Problem description: Retype the line with "a bathroom with a sink a toilet and mirror" exactly. Then retype every line after it through the end of the entries below, and nothing more, leaving out pictures.
[Given information — start]
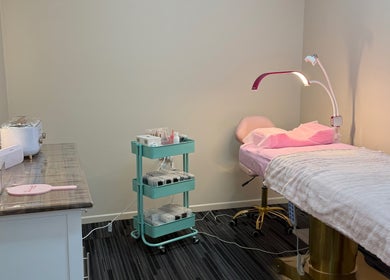 Cozy treatment room at Fancy Lashes TSV, Aitkenvale, Queensland, AU with a cushioned bed and serene lighting.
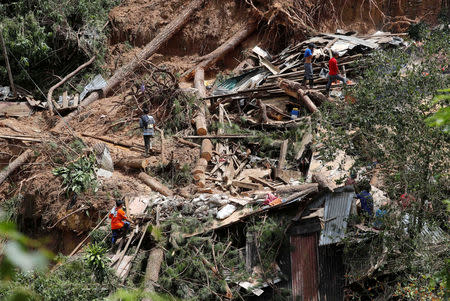 A view of debris and destroyed houses at the site of a landslide, after super typhoon Mangkhut hit the country, at a mining camp in Itogon, Benguet, Philippines September 17, 2018. REUTERS/Erik De Castro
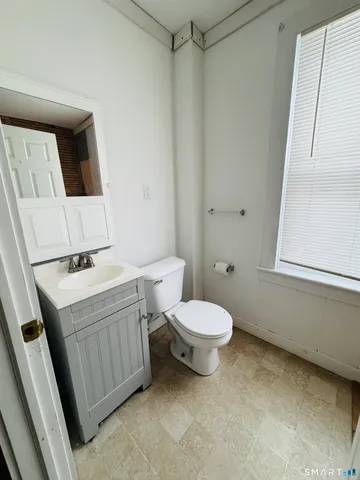 a bathroom with a sink a toilet and mirror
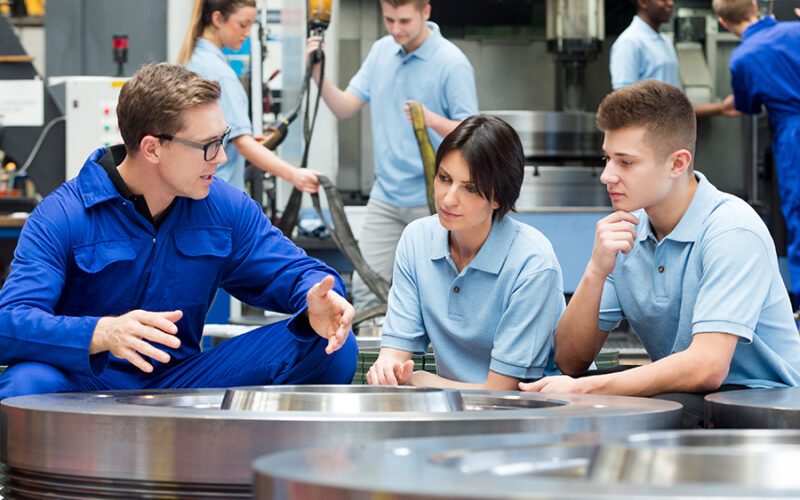 A person in a blue jumpsuit explains something to two young individuals seated beside machinery in a workshop. Other individuals are working in the background.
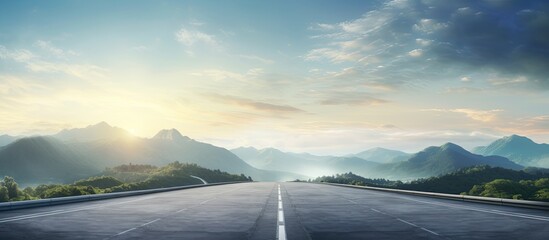 Panoramic view of a mountainous landscape with an asphalt highway leading through it at sunrise creating a picturesque copy space image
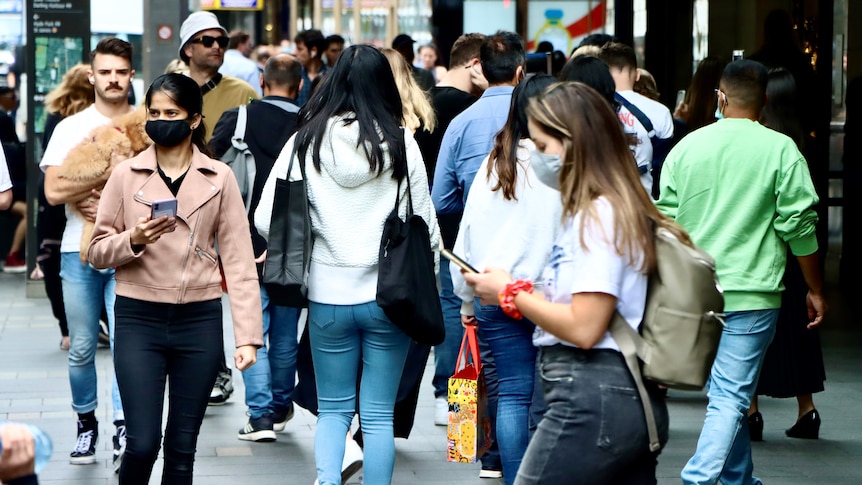 Crowd of shoppers in Sydney's Pitt St Mall, some wearing masks, post-lockdown during COVID pandemic.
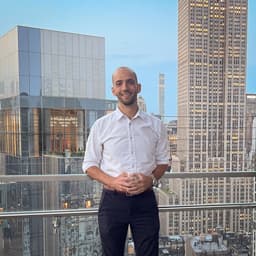 Joel Colucci standing on a terrace with the city skyline behind him.
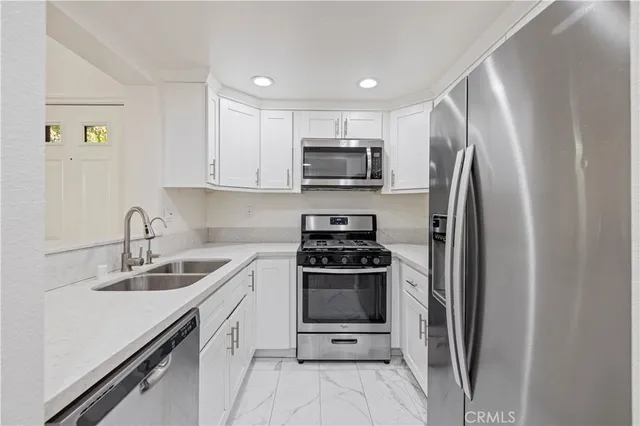 a kitchen with a sink stove and refrigerator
[Given information — finish]
Result for this exercise:
 a bathroom with a sink a toilet and mirror
 A person in a blue jumpsuit explains something to two young individuals seated beside machinery in a workshop. Other individuals are working in the background.
 Panoramic view of a mountainous landscape with an asphalt highway leading through it at sunrise creating a picturesque copy space image
 Crowd of shoppers in Sydney's Pitt St Mall, some wearing masks, post-lockdown during COVID pandemic.
 Joel Colucci standing on a terrace with the city skyline behind him.
 a kitchen with a sink stove and refrigerator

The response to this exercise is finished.